Cyrus Kar, a 43 year old, former SEAL from Los Angeles has filed a federal suit with help from the ACLU suing for damages due to what he claims is an unlawful detention.
An aspiring Iranian-American filmmaker who spent nearly two months in a prison in Iraq without being charged has sued Secretary of Defense Donald Rumsfeld and other military officials, calling the government's detention policies unconstitutional.
Cyrus Kar, 45, of Los Angeles seeks unspecified damages and sweeping changes in the government's detention policies overseas.
Update [2006-7-9 12:54:24 by guyermo]:
Thanks to
little for providing links to the ACLU filing.
Read it online (.pdf)
Download it for later consumption.
The reason he was detained was because they found parts in the taxi he was riding in that could concievably be used to make bombs (Repubs love that dual-use technology). They weren't his. They just happened to be there.
In the U.S. being held for 2 months without charges would be false imprisonment. In Iraq?
"This case highlights the effectiveness of our detainee review process," spokesman Air Force Brig. Gen. Don Alston said following Kar's release.
Right. Effective. Why did you release him, again? Oh yeah...
He was released July 10 after his family sued, accusing the federal government of violating his civil rights and holding him after the FBI cleared him of suspicion.

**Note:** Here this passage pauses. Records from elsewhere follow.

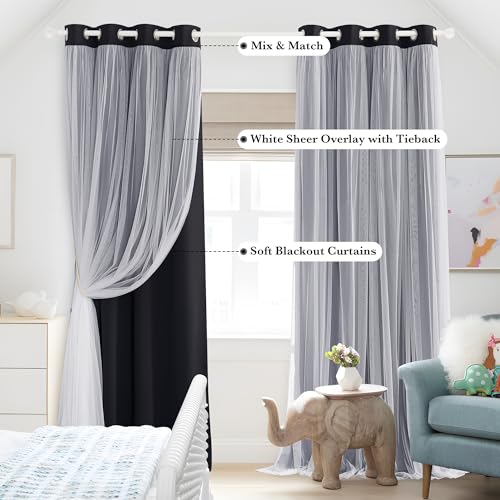 Black Blackout Curtains with White Sheer Overlay for Bedroom/Living Room - color: Black, size: 52"W x 63"L (Pack of 2)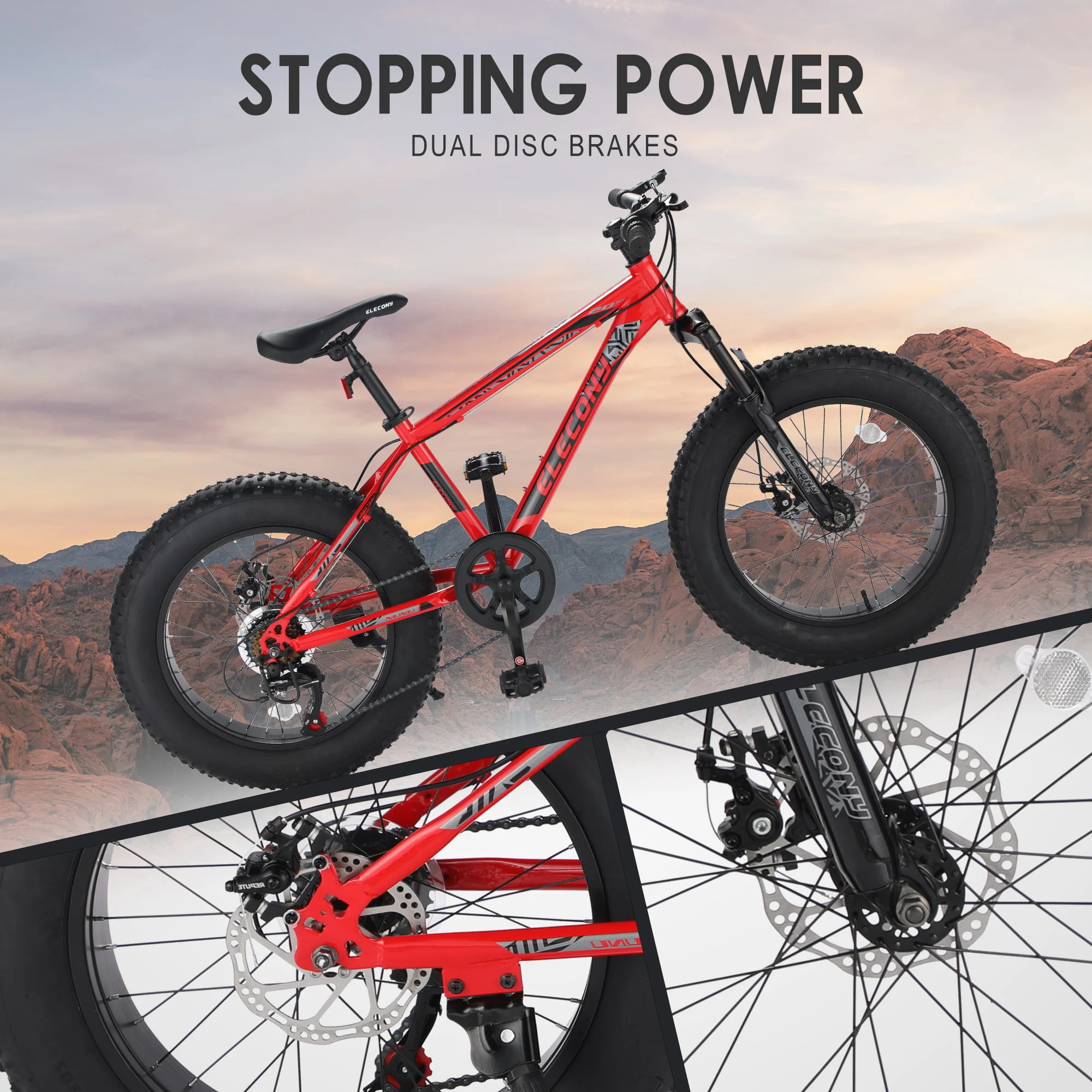 Elitezip 20 Inch Fat Tire Mountain Bike with Full Shimano 7 Speed, Mongoose Dolomite Fat Tire Bike with Dual Disc Brake, High-Carbon Steel Frame, Front Suspension, Urban Commuter City Bicycle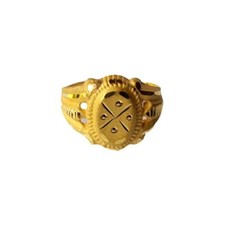 22K/18K Real Certified Yellow Gold Carved Design Kids Ring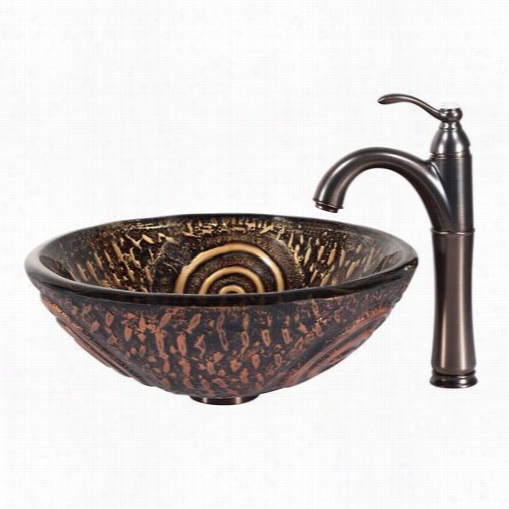 Kraus C-gv-650-19mm-1005orb Luna Glass Vessel Sink And Riviera Faucet In Oil Rubbed Bronze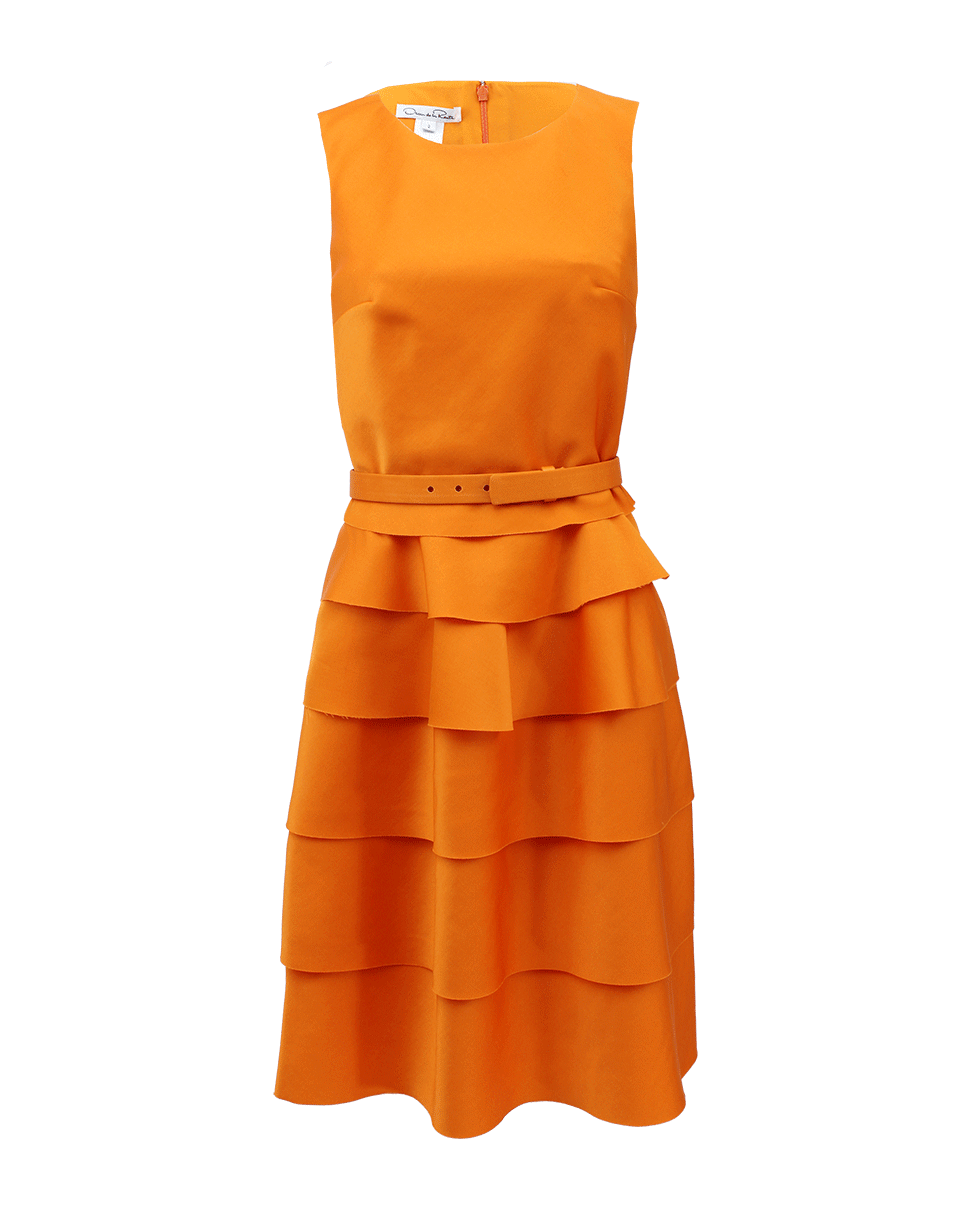 OSCAR DE LA RENTA-Sleeveless Tiered Bell Bottom Dress-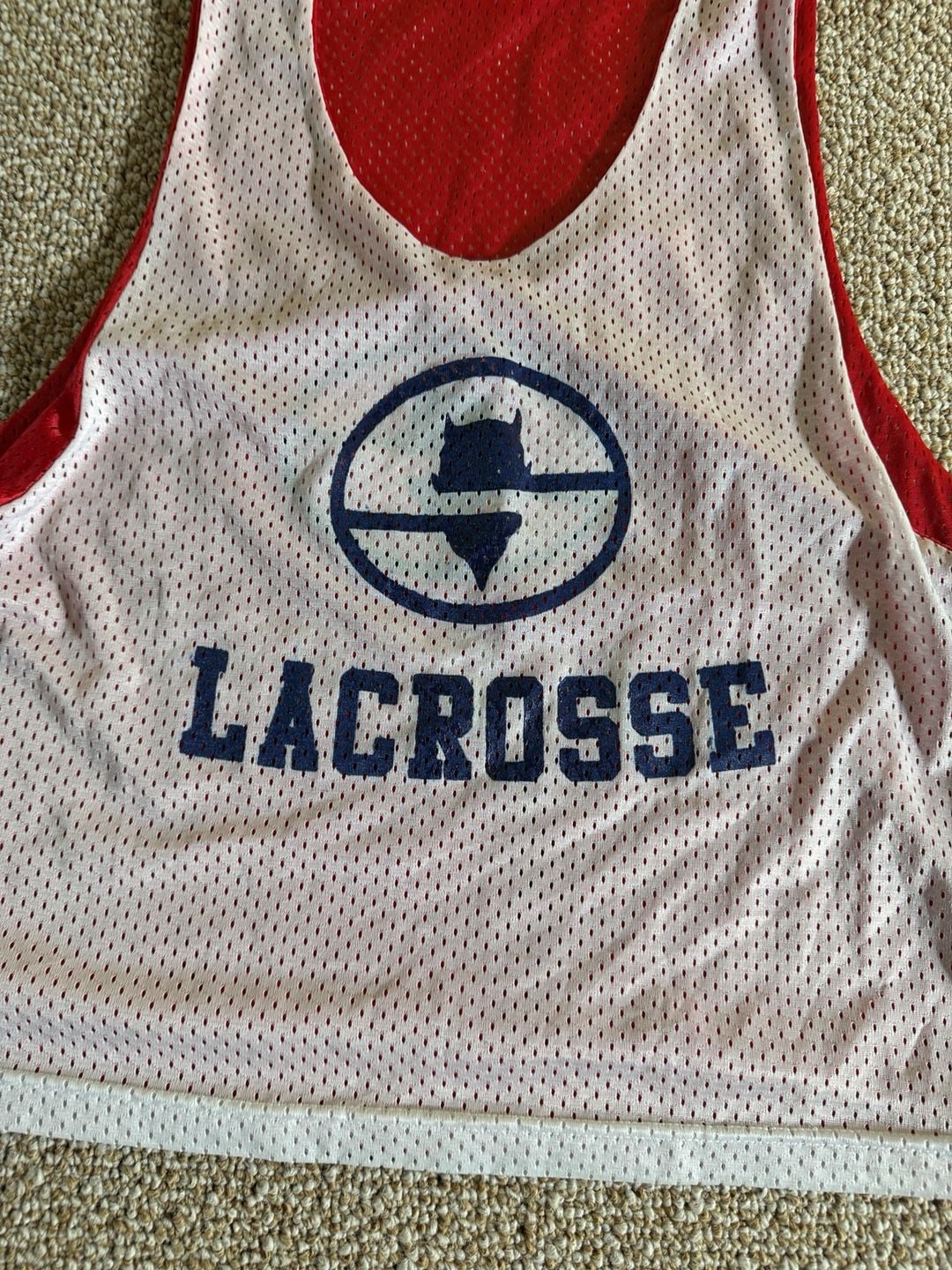 A4 Lacrosse Reversible Pinnie Jersey Adult S Red White 3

This whole situation is fairly ironic (though no less disturbing) once you find out why he was there:
Kar was taken into custody in May 2005 after he visited Iraq to make a documentary film about Cyrus the Great, the Persian king who wrote the world's first human rights charter.
Source
I hope he wins his suit, and that even if he doesn't win damages, the Judge orders a review of detention practices. Whether or not he has jurisdiction or order changes (being the military and in Iraq) is a question I'm not qualified to answer.